WC draw raises old question over Euro qualifiers


Bangladeshpost
Published : 08 Dec 2020 09:02 PM

A lacklustre draw for the 2022 European World Cup qualifiers could once again raise the old question over the format used by UEFA which some feel makes it too easy for the top teams and features too many mismatches, reports Reuters.

Although Monday’s draw in Zurich produced some interesting fixtures from a historical perspective -- such as England’s games against Poland and Hungary -- there were no heavyweight clashes to get the pulse racing.

This was by design rather than accident as the biggest teams were kept apart by the seeding system, leaving all of them with relatively straightforward routes to Qatar.

Even if the likes of Spain, Italy, France, Portugal, Germany, Netherlands, Belgium and England fail to win their groups, they get a second bite of the cherry through the play-off system.

Under the European system, the continent’s 55 teams are divided into 10 groups of five or six, which in Monday’s case produced fixtures such as Germany v Liechtenstein, England v San Marino and the Netherlands v Gibraltar.

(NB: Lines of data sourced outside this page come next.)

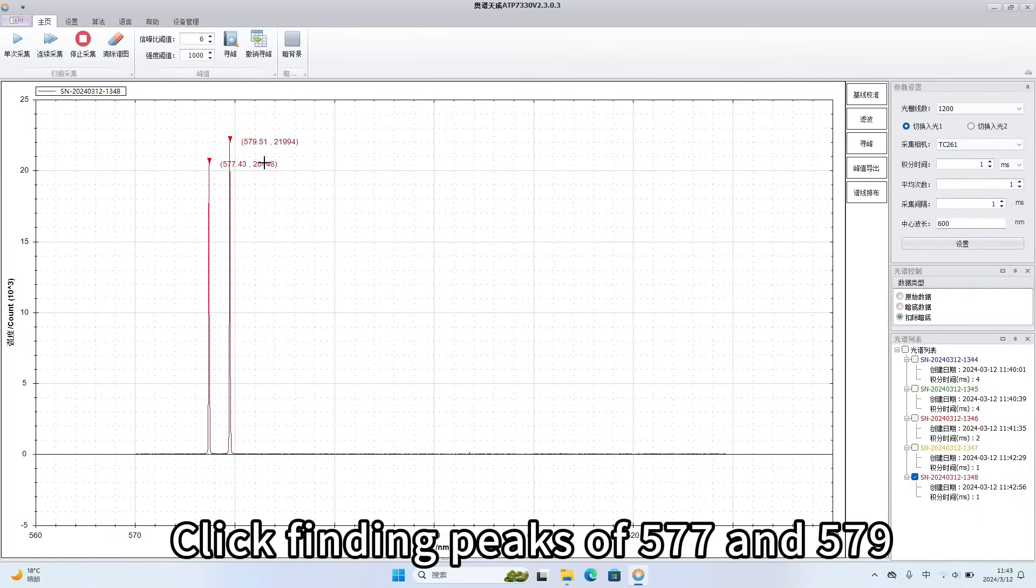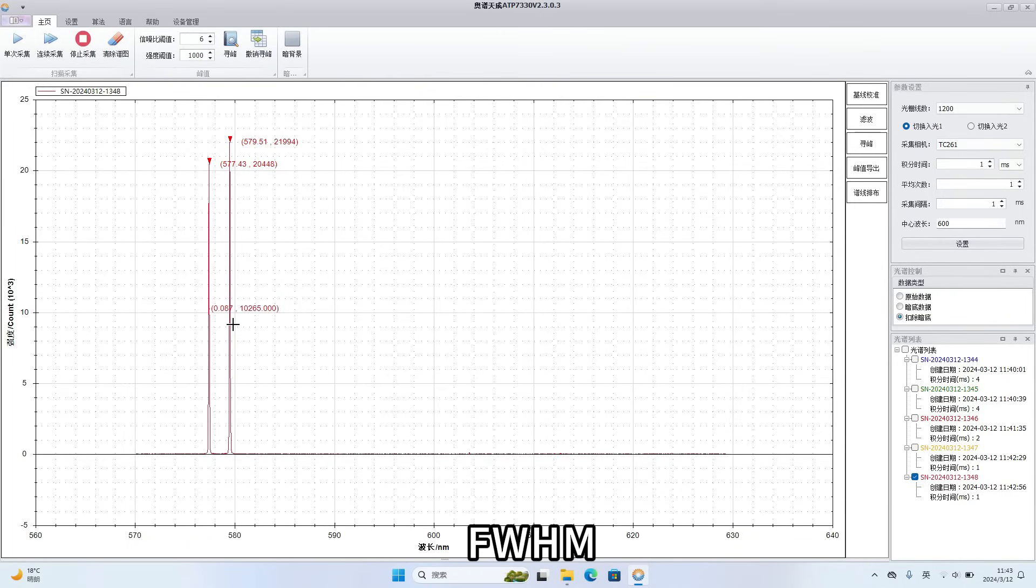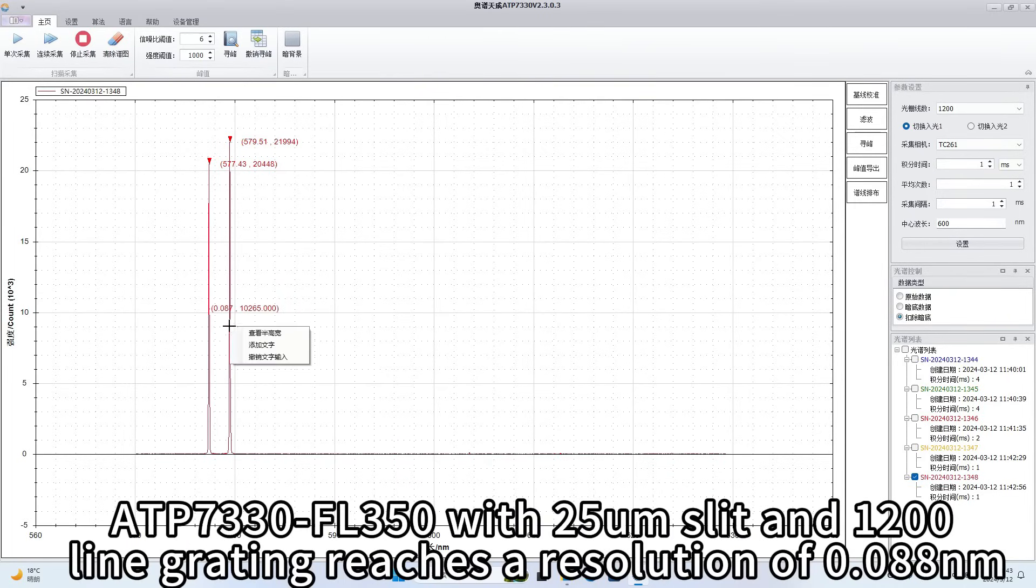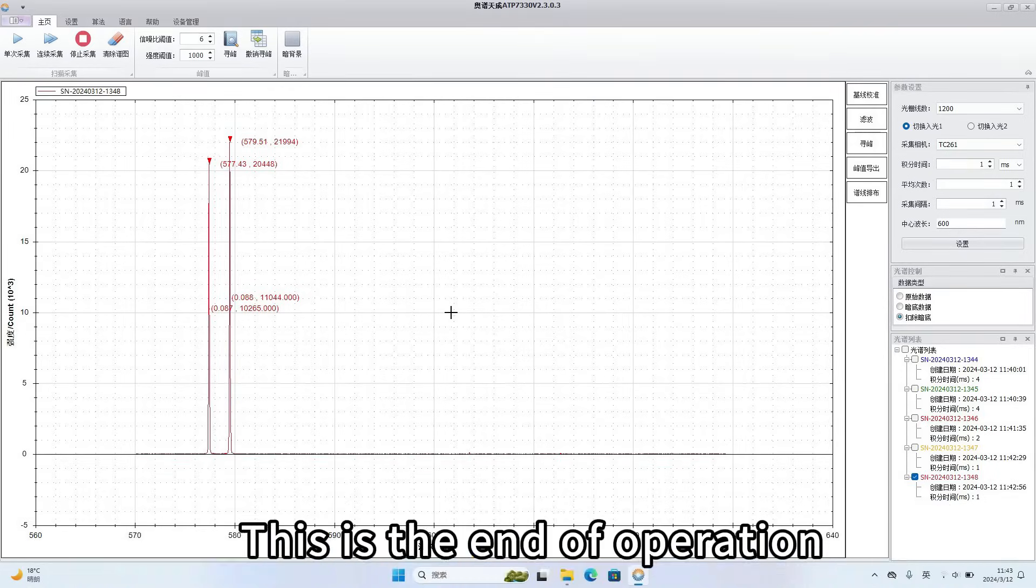Click finding peaks of 577 and 579. Double click. FWHM. ATP7330 with 25 micrometer slit and 1200 line grating reaches a resolution of 0.088 nm.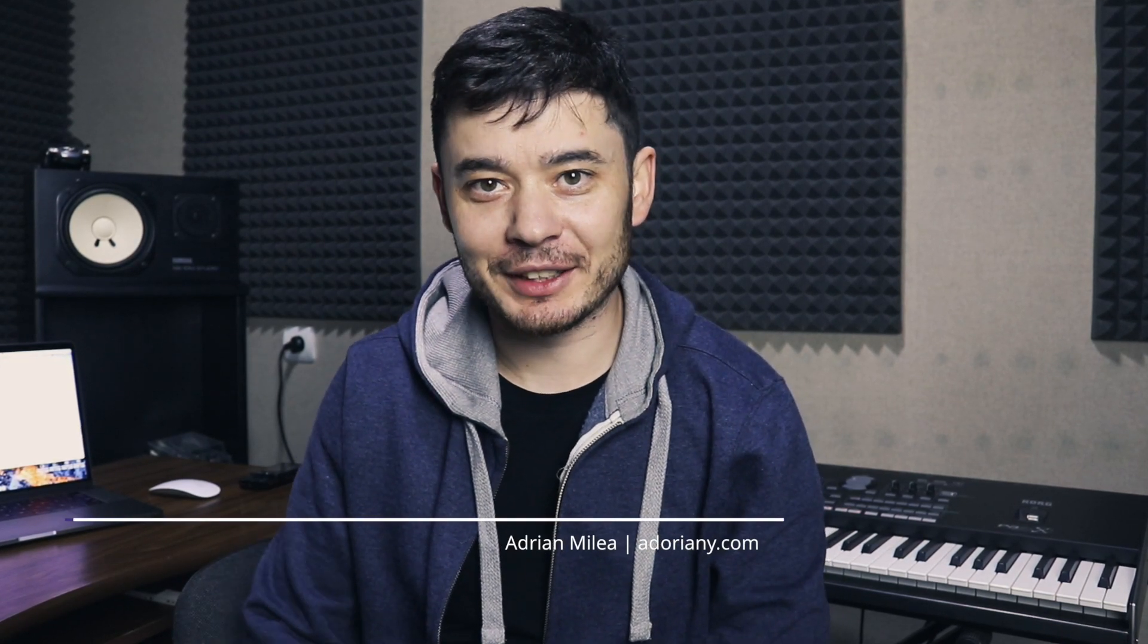What's up guys? I'm Adrian from adoriani.com and today I want to talk about the best free EQ plugins that you can use in your mixes today.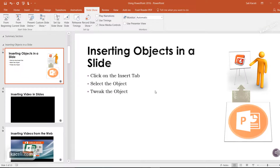That's how timing the slides and rehearsing the timings works in PowerPoint 2016. It's actually very similar to previous versions as well.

This, in turn, leads to the idea in Europe that the international break is ‘boring’ and provides an unwelcome interlude into the European club season.

England’s progress to the last World Cup was so serene that, when they beat Slovenia 1-0 to guarantee their place in Russia, bored fans threw paper planes onto the pitch instead of celebrating.

Yet, in other parts of the world, the international break is the highlight of the year, no more so than in South America which has found the ideal format for its region.

With only 10 teams and no real minnows, South America uses the simplest and fairest system possible: a single group where everyone plays each other twice.

When it was introduced for the 1998 World Cup qualifiers, some felt it was bloated and involved too many games, but instead it has flourished.

Featuring old rivalries such as Brazil-Argentina, Peru-Chile and Argentina-Uruguay, and some of the world’s top players, it routinely serves up drama and controversy in equal measures.

It has also allowed lesser teams such as Venezuela and Ecuador to improve enormously thanks to greater exposure to competitive matches.